___ SUPPLIED RECORDS

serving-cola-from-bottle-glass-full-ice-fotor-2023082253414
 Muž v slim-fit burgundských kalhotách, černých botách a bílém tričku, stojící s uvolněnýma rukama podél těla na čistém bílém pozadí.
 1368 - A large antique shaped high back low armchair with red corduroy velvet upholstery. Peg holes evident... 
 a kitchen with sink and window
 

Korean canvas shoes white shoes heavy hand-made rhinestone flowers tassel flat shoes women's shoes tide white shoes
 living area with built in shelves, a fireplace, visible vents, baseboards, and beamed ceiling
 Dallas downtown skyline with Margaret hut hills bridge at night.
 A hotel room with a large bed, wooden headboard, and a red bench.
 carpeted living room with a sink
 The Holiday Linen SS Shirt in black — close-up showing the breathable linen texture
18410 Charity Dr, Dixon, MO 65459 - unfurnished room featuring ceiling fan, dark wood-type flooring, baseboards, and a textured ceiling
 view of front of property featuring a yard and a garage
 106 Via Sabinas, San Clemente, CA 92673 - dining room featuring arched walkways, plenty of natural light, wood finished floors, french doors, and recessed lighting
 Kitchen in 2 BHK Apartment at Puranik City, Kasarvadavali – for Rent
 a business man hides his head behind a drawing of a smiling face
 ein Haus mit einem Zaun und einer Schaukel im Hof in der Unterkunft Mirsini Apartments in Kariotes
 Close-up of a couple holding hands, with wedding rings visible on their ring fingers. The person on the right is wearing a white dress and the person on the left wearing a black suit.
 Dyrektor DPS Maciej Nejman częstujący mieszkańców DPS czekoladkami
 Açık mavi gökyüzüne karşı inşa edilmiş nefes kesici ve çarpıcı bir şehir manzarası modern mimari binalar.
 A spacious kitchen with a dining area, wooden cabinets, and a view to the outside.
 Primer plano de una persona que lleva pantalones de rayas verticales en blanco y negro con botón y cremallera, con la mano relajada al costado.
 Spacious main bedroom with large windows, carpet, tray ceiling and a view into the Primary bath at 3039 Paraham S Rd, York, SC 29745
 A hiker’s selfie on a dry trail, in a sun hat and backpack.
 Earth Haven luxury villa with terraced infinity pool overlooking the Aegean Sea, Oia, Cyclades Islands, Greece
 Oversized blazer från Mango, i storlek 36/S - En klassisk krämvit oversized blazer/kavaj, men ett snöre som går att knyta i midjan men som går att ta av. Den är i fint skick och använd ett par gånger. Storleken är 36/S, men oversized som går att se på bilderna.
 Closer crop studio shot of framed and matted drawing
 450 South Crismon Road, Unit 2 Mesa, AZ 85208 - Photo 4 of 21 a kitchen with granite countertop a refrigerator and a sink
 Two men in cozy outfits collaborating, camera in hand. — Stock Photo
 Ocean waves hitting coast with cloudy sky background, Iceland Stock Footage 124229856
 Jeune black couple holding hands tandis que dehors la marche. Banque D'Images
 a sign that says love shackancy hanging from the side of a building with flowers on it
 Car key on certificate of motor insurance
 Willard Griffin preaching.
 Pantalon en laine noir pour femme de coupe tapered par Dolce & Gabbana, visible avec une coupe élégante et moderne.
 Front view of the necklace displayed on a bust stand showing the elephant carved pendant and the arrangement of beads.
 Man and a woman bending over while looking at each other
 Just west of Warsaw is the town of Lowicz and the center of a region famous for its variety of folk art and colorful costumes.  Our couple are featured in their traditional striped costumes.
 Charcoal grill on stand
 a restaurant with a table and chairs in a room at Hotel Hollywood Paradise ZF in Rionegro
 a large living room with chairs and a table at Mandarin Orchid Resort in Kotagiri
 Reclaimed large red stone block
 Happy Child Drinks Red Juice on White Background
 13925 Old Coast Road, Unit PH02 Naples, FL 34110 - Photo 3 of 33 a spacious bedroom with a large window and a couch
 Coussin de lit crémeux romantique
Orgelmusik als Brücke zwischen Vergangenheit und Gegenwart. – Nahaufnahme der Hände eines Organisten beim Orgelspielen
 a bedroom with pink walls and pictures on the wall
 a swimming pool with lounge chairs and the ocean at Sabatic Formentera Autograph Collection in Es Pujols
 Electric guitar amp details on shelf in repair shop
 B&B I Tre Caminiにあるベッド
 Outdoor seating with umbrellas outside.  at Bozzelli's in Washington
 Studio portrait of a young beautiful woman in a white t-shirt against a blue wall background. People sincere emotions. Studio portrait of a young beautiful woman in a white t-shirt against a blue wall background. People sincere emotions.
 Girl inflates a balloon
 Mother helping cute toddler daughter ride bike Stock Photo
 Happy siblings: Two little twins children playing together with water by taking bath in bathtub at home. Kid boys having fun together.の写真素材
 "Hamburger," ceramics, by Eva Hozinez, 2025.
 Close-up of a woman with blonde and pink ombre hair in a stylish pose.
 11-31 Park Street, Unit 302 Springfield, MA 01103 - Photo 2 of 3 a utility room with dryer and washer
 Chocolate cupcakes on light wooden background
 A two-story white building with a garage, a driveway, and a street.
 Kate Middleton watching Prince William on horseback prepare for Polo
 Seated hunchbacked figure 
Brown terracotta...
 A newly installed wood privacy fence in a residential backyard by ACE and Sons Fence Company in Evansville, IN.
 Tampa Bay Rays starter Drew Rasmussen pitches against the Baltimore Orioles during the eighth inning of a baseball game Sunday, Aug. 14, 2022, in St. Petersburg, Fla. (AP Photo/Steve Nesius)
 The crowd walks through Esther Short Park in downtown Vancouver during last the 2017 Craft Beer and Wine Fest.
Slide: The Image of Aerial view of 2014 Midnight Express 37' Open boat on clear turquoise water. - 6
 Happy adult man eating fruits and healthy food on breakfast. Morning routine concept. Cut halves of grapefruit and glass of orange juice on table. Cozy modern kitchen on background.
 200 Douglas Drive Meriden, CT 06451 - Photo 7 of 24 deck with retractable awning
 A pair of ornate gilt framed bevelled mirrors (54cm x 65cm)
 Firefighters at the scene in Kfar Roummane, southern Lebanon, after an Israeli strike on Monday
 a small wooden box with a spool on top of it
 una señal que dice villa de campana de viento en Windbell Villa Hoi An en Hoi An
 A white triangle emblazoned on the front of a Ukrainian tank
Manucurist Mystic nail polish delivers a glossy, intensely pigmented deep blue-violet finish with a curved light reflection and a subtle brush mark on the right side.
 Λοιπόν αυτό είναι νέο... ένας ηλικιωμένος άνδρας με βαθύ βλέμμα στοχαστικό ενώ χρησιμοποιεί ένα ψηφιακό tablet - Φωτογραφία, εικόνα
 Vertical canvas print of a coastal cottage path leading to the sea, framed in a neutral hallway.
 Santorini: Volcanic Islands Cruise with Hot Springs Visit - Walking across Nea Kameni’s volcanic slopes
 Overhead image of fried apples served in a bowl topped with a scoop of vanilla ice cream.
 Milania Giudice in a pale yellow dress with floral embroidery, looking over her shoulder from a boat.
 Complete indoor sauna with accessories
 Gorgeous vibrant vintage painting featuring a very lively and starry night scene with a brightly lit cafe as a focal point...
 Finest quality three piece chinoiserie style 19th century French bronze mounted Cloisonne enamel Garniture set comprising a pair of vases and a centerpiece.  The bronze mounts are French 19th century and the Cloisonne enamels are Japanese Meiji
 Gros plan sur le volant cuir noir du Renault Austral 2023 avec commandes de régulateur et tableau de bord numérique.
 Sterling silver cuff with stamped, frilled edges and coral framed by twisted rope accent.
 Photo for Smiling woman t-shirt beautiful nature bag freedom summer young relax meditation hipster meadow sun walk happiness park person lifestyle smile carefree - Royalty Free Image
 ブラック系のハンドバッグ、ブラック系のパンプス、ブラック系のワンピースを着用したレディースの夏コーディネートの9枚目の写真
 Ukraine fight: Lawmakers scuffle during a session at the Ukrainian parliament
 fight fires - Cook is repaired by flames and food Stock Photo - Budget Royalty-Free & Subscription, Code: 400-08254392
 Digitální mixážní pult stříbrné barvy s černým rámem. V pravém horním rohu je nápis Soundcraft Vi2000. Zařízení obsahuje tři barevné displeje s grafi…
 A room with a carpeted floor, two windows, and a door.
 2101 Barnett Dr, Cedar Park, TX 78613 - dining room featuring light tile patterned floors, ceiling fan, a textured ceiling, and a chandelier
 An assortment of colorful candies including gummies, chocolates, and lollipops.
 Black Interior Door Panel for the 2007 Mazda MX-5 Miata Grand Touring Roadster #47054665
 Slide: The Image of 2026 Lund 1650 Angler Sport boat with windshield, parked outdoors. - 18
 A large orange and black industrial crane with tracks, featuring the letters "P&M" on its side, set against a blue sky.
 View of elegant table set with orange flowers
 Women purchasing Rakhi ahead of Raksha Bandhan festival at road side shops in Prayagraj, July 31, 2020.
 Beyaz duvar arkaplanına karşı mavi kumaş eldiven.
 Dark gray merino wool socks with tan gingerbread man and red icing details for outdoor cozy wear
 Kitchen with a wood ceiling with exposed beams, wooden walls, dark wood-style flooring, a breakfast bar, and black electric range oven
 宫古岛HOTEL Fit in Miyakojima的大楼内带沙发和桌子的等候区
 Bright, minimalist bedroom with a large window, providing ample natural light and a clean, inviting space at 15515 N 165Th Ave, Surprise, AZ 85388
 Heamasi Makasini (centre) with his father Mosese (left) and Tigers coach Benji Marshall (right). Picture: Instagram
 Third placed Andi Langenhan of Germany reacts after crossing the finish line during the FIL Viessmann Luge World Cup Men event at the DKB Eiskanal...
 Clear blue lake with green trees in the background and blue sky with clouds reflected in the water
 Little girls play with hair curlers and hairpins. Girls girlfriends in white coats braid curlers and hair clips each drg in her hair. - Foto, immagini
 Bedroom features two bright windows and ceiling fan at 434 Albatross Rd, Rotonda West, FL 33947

______

* _WHAT TO DO_: Your answer should be exactly the lines of the data above, from the first through the line containing "carpeted living room with a sink".

* _OUTPUT FOR THIS TASK_:
serving-cola-from-bottle-glass-full-ice-fotor-2023082253414
 Muž v slim-fit burgundských kalhotách, černých botách a bílém tričku, stojící s uvolněnýma rukama podél těla na čistém bílém pozadí.
 1368 - A large antique shaped high back low armchair with red corduroy velvet upholstery. Peg holes evident... 
 a kitchen with sink and window
 

Korean canvas shoes white shoes heavy hand-made rhinestone flowers tassel flat shoes women's shoes tide white shoes
 living area with built in shelves, a fireplace, visible vents, baseboards, and beamed ceiling
 Dallas downtown skyline with Margaret hut hills bridge at night.
 A hotel room with a large bed, wooden headboard, and a red bench.
 carpeted living room with a sink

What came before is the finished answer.